A group of computer scientists at the University of California, Riverside has introduced a new technique to remove private and copyrighted data from artificial intelligence models without needing access to the original training material. The research was presented in July at the International Conference on Machine Learning in Vancouver, Canada.
The method addresses concerns about personal and copyrighted content remaining embedded in AI systems, even after creators attempt to delete or restrict access to their information. These issues have become more prominent as privacy regulations such as the European Union’s General Data Protection Regulation and California’s Consumer Privacy Act require stronger protection for personal data used in machine learning.

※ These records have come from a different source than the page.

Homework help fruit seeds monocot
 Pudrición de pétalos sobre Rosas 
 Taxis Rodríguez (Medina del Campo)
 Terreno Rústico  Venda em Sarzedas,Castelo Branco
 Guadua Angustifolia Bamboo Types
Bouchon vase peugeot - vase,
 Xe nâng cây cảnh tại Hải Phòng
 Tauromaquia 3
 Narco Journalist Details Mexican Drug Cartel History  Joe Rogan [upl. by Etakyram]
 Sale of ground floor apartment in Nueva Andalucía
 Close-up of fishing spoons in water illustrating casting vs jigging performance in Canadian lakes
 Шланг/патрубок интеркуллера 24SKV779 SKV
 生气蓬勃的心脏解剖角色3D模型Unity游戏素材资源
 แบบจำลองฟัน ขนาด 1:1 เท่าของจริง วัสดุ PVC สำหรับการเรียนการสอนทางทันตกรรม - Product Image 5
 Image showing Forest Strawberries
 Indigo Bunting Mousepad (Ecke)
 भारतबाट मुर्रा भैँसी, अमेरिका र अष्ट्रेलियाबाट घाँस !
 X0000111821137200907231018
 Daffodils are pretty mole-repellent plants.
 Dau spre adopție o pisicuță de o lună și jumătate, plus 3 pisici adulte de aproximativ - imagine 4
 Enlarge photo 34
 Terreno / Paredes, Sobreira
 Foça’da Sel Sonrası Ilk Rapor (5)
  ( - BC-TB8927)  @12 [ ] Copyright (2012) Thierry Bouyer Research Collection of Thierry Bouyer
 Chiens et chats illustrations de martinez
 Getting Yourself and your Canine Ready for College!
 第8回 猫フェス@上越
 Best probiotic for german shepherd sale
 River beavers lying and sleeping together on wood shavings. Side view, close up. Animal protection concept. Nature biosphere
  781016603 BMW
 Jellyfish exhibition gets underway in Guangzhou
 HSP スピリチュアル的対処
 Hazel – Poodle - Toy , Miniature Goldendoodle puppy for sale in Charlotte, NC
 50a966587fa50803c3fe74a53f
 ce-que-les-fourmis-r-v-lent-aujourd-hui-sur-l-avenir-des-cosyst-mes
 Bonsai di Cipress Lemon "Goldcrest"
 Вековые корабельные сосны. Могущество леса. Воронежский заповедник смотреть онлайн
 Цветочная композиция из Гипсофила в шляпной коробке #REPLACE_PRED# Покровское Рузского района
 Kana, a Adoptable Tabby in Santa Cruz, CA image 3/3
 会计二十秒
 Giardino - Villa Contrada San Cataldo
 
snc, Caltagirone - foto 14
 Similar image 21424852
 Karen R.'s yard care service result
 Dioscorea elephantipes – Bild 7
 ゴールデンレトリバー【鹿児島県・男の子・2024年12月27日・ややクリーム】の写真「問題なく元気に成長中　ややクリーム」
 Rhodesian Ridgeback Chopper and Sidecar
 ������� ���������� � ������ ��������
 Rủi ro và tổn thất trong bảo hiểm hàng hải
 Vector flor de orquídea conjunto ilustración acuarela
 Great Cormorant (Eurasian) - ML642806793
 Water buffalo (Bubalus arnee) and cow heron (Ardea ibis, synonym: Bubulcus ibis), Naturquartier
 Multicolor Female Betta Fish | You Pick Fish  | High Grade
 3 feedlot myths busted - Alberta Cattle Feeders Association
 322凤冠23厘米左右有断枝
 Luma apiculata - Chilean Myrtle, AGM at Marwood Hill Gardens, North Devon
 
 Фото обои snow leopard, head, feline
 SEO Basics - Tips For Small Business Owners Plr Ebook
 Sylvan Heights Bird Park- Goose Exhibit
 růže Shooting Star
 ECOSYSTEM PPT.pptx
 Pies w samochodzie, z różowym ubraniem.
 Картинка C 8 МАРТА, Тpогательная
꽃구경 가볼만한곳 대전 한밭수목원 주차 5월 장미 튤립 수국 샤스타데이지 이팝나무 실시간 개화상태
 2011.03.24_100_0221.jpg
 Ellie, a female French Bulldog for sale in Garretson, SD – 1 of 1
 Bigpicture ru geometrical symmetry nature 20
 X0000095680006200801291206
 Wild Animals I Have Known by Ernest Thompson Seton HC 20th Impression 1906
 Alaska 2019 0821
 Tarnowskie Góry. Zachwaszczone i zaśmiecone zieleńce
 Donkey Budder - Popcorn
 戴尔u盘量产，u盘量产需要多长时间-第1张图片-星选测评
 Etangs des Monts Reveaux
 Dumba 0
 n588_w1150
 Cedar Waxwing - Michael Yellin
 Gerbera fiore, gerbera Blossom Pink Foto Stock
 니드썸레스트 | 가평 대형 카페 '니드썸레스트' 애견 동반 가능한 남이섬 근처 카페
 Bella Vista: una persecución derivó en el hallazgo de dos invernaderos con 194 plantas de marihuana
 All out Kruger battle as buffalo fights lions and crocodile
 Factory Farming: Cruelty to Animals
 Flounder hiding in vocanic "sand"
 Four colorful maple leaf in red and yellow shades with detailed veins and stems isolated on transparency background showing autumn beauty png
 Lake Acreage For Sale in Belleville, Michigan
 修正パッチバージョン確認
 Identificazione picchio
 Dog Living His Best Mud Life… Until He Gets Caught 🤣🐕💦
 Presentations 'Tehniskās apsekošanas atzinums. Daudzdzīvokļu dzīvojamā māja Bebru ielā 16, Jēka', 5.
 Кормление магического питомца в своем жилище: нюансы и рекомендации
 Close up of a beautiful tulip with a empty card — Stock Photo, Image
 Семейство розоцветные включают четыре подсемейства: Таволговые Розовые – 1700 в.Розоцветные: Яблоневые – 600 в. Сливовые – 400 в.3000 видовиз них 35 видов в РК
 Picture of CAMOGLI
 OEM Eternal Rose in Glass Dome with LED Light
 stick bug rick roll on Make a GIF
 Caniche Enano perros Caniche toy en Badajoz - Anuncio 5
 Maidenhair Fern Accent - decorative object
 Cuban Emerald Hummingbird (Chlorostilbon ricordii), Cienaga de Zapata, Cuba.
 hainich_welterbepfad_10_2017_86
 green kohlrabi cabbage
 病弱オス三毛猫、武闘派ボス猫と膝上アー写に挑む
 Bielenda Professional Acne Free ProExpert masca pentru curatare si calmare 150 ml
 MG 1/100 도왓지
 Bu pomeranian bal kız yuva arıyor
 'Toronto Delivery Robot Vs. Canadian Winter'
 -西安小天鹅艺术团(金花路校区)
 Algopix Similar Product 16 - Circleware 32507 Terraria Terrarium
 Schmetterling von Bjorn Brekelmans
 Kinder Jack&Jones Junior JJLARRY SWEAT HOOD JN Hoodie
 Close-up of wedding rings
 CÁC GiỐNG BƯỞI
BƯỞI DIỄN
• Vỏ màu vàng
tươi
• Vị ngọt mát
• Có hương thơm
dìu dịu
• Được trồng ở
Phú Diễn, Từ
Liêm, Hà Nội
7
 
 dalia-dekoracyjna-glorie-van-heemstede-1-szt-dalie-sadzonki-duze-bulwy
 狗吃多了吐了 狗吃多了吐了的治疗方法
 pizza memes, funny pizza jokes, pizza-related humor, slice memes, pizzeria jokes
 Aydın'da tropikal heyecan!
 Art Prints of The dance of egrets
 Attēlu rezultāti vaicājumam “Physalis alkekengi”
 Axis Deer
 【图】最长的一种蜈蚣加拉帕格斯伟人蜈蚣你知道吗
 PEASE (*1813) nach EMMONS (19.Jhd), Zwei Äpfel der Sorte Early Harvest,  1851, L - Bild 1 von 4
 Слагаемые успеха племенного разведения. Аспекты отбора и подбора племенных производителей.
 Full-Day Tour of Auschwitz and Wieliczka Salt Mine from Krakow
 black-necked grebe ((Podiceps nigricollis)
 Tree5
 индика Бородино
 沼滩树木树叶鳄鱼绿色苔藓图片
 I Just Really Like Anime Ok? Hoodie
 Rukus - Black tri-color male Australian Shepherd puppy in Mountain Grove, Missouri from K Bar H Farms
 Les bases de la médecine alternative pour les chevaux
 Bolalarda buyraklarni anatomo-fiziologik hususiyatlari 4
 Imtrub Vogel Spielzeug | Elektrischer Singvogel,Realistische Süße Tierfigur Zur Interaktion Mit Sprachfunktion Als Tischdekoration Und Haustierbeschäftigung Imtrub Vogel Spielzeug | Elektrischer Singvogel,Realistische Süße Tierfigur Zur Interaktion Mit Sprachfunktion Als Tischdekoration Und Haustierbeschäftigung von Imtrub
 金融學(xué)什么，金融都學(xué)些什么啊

Ümit Yiğit Başaran, a doctoral student in electrical and computer engineering at UC Riverside and lead author of the study, explained the significance of their work: “In real-world situations, you can’t always go back and get the original data,” Başaran said. “We’ve created a certified framework that works even when that data is no longer available.”
The approach allows AI models to “forget” selected information while maintaining their performance with remaining data. This process does not require retraining models from scratch—a task that can be expensive and energy-consuming—making it possible to amend existing systems efficiently.
The research team included Başaran, professor Amit Roy-Chowdhury, and assistant professor Başak Güler. They developed what they describe as a “source-free certified unlearning” method. This involves using a surrogate dataset that statistically resembles the original training set to adjust model parameters and add calibrated random noise so targeted information is erased and cannot be reconstructed.
Their framework builds on established concepts in AI optimization but introduces a new mechanism for calibrating noise to account for differences between original and surrogate datasets. Tests using both synthetic and real-world datasets showed privacy guarantees close to those achieved by full retraining but with significantly less computational demand.
Roy-Chowdhury noted that while this work currently applies to simpler AI models still widely used today, it could eventually scale up to complex systems like ChatGPT. He is co-director of UCR’s Riverside Artificial Intelligence Research and Education (RAISE) Institute.
Güler emphasized the broader impact: “People deserve to know their data can be erased from machine learning models—not just in theory, but in provable, practical ways,” she said.
Future plans include adapting the method for more complex model types and developing tools so AI developers worldwide can use this technology.
The paper is titled “A Certified Unlearning Approach without Access to Source Data.” It was completed with Sk Miraj Ahmed from Brookhaven National Laboratory, who earned his doctorate at UC Riverside. Both Roy-Chowdhury and Güler hold faculty positions in UCR’s Department of Electrical and Computer Engineering with secondary appointments in Computer Science and Engineering.